For 16 days from November 25 to December 10, Malawi observed the annual 16 days of Activism against Gender-Based-Violence (GBV). ALBERT SHARRA reflects on the impact of the campaign.
Eneth*, 27, a resident of Chilomoni Township in Blantyre is a victim of GBV, but does not want to talk about it.
“Is what you are asking about my family or yours?” she retorts at the visit to her house, adding: “If it is to do with my family, please leave my compound.”
Her reaction was expected. For 13 years, she has lived with the problem, but reported to no one until her elder sister, Lucy*, recently exposed it and dragged the couple to a marriage counselor. She says she was compelled after Eneth’s housemaid tipped her about the abuse she suffers.
“It was around midnight. She whispered through the phone saying I should rush to rescue my sister otherwise she will be killed by her husband. Unfortunately, I could not due to lack of transport. When I got there the following morning, I found her sleeping and her husband away to work. She hid everything from me, but when I pressed her, she admitted being beaten up by the husband,” explains Lucy.
She adds that she tried to influence her to report the abuse to marriage counselors, but she refused. This is when Lucy took the matter to the marriage counselors, but the action did not yield much because Eneth told the counselors that she lives peacefully with her husband.

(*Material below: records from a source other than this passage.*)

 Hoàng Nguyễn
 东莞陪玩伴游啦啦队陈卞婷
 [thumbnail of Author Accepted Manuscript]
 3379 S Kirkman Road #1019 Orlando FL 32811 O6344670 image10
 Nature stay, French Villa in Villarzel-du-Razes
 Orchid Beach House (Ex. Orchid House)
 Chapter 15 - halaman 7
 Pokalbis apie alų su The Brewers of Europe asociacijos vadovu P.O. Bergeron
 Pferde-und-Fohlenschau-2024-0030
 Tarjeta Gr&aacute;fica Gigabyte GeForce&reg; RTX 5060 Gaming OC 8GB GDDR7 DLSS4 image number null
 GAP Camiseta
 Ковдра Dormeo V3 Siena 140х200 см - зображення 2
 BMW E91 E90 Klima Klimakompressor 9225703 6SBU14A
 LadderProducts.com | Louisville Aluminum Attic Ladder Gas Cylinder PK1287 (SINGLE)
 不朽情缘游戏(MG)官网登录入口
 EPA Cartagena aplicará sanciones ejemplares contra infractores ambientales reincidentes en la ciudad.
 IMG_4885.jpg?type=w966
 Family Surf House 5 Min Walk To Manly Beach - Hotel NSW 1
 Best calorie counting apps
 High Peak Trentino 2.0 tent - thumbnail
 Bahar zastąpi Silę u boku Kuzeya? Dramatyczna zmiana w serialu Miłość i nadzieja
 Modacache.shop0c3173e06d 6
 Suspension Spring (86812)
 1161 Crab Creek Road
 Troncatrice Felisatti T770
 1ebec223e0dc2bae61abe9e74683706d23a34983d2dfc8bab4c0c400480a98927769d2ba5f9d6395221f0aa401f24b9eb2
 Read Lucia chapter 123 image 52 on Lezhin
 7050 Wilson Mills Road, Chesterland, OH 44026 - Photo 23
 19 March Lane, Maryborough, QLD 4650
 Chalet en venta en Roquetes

Eneth’s action is not surprising. She is afraid to lose her marriage, her only hope. In a follow up interview while trying to stop the publication of the story, she revealed that what she goes through is nothing compared to what would happen if her marriage collapses.
“Your sources are wrong. He does not beat me up every day. It is once a week and only when he is drunk. I wish you had seen me before we were married. We lived a tough life because our parents passed on when I was only six. There was no one to support us. Things changed when I married him. If the marriage collapses, how will I raise the children? I know what I am doing and I am employing tactics to change my husband’s behaviour slowly. So, it is not something to be reporting to different platforms. Let me fail first,” she explains.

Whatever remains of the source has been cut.